Uterine Inflammation
Wesselmann and colleagues [17] characterized pain behavior associated with uterine inflammation in the rat. The pain behaviors they examined were based on the Giamberardino model of UC [12]. To induce inflammation, 10% mustard oil and a mineral oil vehicle were injected into the uterine lumen, and pain behaviors were videotaped for seven days postsurgery. Of animals receiving uterine inflammation, 79% displayed prolonged periods of spontaneous pain behavior, with behavior frequency peaking two days after surgery. Dramatic individual differences were found in the frequency and duration of pain behaviors, and animals with uterine inflammation showed reductions in overall mobility. Of animals displaying spontaneous pain behavior, 66% also showed referred muscle hypersensitivity in the lower back and flanks that actually outlasted the occurrence of spontaneous pain behaviors.
Wesselmann’s study was especially significant in that it established that pain from distinct viscera–the ureter and the uterus–resulted in very similar behaviors, including behavioral evidence of referred pain.
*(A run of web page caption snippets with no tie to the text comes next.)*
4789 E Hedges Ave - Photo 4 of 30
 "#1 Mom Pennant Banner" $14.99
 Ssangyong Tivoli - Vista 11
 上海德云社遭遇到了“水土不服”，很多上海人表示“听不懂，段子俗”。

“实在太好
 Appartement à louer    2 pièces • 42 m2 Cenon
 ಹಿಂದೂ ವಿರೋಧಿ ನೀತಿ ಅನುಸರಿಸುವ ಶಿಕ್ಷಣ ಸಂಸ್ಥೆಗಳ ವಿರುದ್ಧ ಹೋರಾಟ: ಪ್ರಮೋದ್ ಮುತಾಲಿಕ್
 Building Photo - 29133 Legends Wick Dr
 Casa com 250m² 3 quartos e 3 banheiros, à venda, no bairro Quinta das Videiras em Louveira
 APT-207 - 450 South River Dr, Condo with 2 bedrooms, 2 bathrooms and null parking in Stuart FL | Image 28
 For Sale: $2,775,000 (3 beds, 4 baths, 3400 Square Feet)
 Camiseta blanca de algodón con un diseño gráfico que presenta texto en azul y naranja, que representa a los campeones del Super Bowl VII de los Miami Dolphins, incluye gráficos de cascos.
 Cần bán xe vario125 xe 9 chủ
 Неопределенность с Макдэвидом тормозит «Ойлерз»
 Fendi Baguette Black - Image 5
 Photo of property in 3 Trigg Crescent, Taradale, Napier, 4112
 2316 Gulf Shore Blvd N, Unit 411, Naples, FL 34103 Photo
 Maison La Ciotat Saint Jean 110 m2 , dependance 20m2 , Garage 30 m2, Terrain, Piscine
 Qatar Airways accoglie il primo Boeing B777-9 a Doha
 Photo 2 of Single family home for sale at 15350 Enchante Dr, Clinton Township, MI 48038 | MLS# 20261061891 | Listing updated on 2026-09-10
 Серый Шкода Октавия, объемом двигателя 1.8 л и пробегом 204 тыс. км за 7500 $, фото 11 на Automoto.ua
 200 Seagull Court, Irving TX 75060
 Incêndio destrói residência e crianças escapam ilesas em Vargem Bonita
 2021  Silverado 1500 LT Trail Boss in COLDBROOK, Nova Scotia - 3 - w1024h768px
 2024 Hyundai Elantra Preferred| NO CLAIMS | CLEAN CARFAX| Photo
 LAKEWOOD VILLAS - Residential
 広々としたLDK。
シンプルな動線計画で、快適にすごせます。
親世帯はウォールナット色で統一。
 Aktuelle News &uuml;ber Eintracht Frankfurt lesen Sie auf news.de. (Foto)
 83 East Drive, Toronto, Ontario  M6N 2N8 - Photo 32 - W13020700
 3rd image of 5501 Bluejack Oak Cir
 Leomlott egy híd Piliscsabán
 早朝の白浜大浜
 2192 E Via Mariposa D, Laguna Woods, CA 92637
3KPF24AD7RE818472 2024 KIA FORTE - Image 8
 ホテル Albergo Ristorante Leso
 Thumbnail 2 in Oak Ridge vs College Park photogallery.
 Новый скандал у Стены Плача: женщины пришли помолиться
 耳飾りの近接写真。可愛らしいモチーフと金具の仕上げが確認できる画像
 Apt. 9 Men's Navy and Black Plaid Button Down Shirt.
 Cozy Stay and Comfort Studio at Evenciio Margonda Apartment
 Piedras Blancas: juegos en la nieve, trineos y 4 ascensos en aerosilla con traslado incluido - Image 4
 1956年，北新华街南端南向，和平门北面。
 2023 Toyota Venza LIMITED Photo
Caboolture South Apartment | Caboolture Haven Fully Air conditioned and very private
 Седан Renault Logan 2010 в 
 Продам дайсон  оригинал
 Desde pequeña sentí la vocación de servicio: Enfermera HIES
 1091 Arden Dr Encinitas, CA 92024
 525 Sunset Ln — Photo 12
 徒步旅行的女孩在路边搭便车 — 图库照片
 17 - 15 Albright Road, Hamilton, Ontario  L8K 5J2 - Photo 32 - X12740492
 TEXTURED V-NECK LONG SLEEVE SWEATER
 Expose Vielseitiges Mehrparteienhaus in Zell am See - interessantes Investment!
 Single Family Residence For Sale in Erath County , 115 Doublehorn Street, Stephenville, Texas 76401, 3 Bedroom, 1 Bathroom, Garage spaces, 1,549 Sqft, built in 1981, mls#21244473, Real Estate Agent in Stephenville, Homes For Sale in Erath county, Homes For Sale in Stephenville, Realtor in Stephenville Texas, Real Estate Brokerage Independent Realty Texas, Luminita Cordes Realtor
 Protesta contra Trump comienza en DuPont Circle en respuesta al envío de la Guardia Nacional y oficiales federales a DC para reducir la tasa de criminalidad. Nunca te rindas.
Although this behavioral similarity may support the validity of these behaviors as being specific to pain, it also indicates that the behaviors are not specific enough to distinguish between visceral pains of different origins. The poor localization of visceral pain, however, makes it very unlikely that different visceral pains would be manifested in unique behavioral patterns.
Vaginal and Uterine Distension
Berkley and colleagues [18] established one of the earliest rat models of reproductive tract pain using vaginal and uterine distension. The elegance of this model relies on the novel operant task devised by the authors, which required rats to learn that a discrete behavioral response (extending the nose to interrupt a photocell circuit) would terminate an aversive stimulus (vaginal or uterine mechanical distension with a latex balloon). The authors argued that the rats’ motivation to perform the escape behavior in response to high levels of distension indicated that intense mechanical distension constituted an aversive stimulus to the rats. The intense level of stimulation employed by this model is in contrast to innocuous levels of vaginal stimulation, which have positively reinforcing and analgesic properties in rodents [19].
Berkley et al. [18] validated this behavioral pain model in adult virgin female rats with low levels of ovarian hormones (i.e., Metestrus), to control for the potentially confounding effects of estrous cycle hormone fluctuations. Rats reliably escaped distension with increasing speed and frequency as the vaginal distension volume increased, and this response pattern held throughout the estrous cycle [20]. The rats’ ability to detect and escape from uterine distension, however, was less predictable–many rats produced operant responses during control trials when distension volumes were minimal, and a large minority of animals did not show behavioral discomfort with maximum levels of uterine distension. The authors noted that rats often responded to uterine distension with stretching behavior.